== TASK OBJECTIVE ==
Below are the records. Retype exactly the lines between the lines holding "ONLY - Pearl Short Sleeve Shimmer Top Gold" and "calavera de azúcar gato luna muertos di", inclusive.

== ENTRIES SUPPLIED ==

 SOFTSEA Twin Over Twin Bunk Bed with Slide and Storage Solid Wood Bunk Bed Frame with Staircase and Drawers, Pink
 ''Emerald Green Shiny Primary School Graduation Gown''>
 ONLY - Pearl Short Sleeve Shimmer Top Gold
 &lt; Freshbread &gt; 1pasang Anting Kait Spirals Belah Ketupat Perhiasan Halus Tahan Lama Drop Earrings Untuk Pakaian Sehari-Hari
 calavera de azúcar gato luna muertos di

---

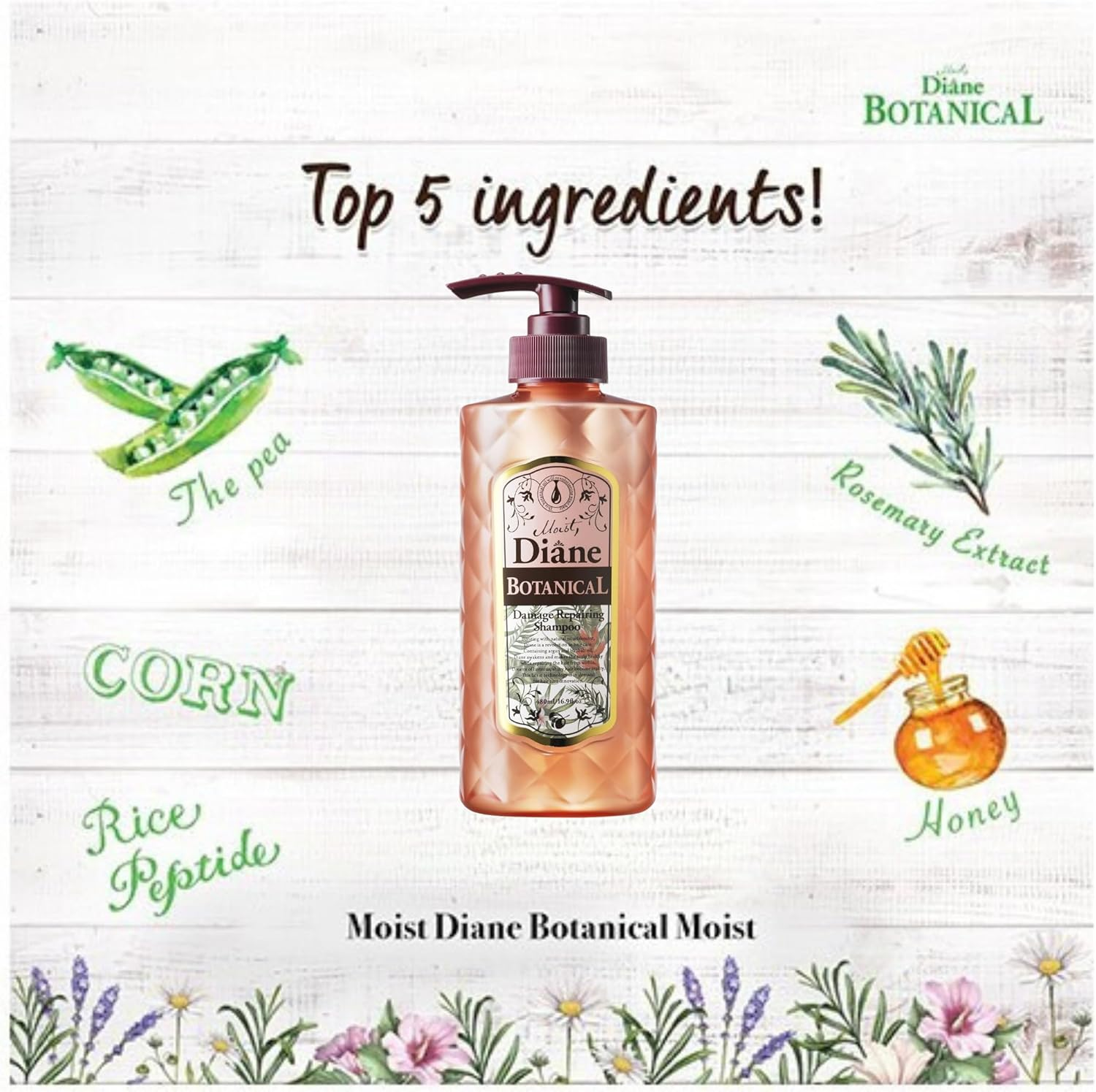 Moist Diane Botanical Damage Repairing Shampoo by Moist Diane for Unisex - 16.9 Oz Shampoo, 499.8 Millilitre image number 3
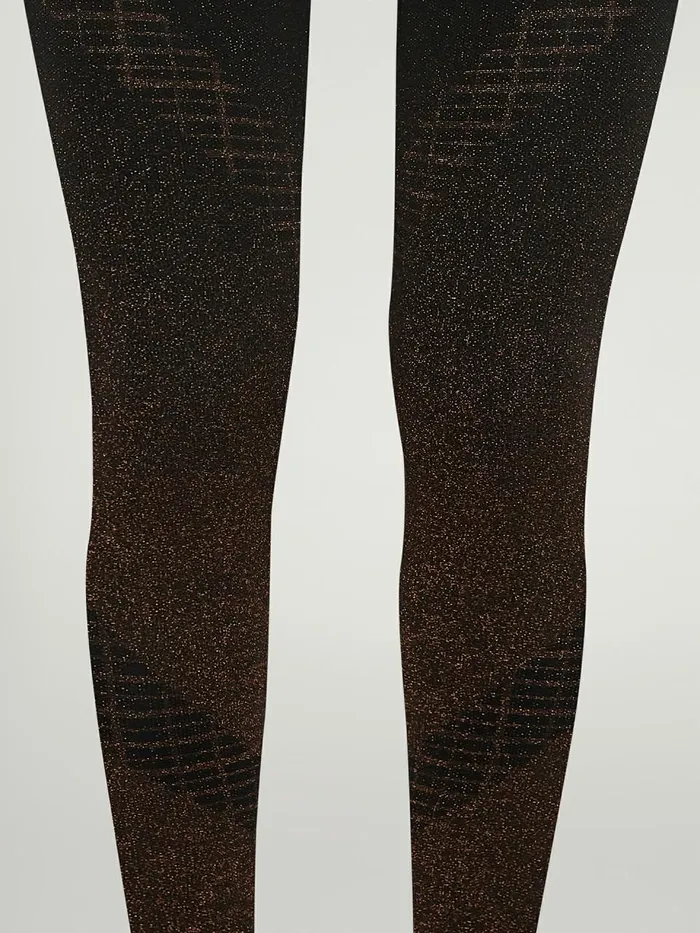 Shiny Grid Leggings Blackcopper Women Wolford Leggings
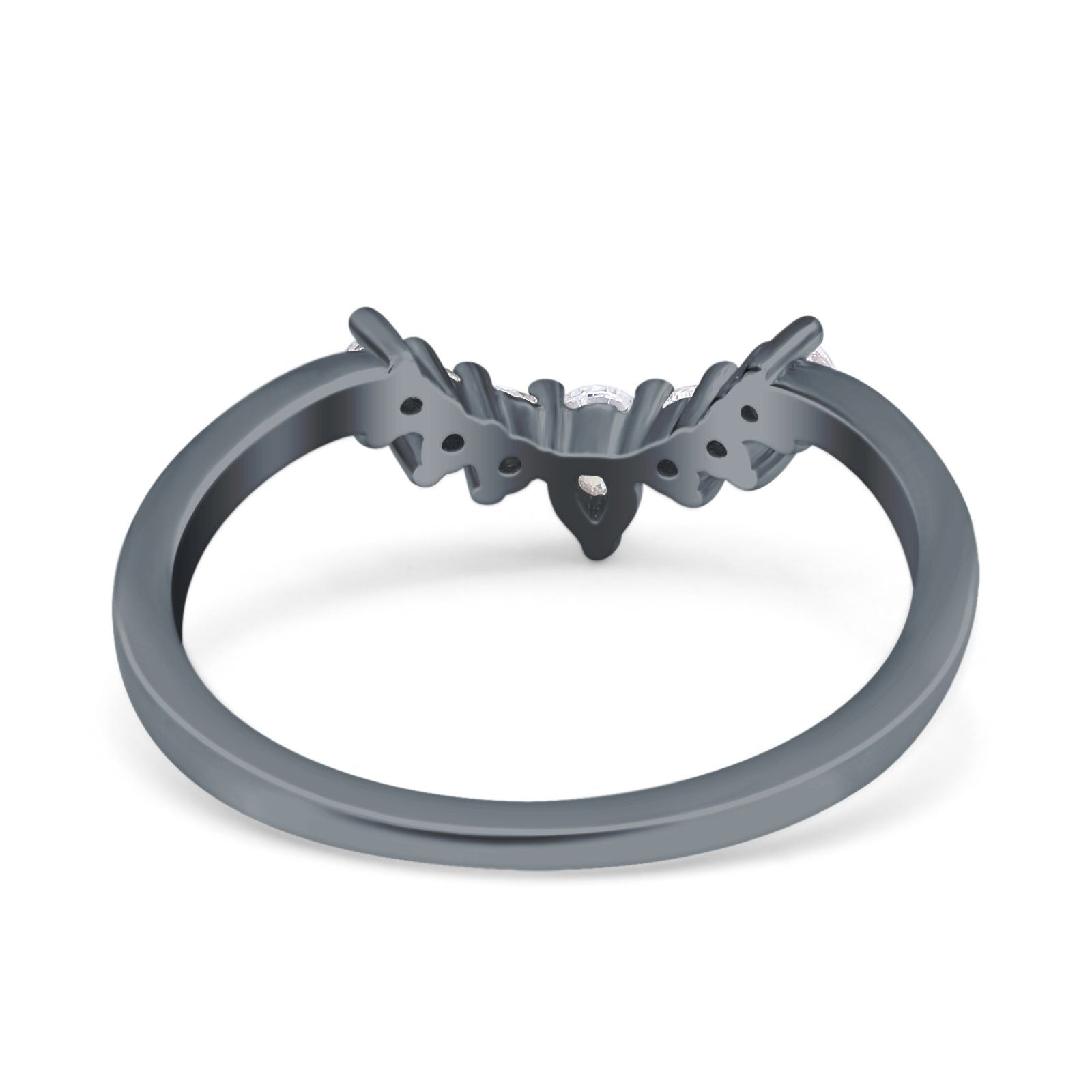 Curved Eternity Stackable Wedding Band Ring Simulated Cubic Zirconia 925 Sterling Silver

==

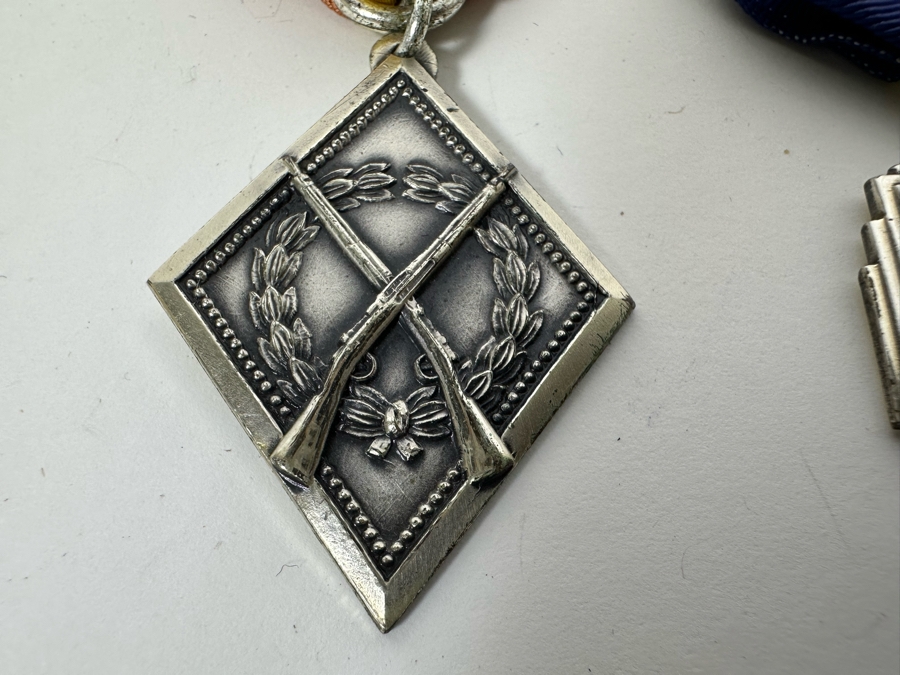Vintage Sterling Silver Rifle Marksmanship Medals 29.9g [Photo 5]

== RESULT OF THE TASK ==
 ONLY - Pearl Short Sleeve Shimmer Top Gold
 &lt; Freshbread &gt; 1pasang Anting Kait Spirals Belah Ketupat Perhiasan Halus Tahan Lama Drop Earrings Untuk Pakaian Sehari-Hari
 calavera de azúcar gato luna muertos di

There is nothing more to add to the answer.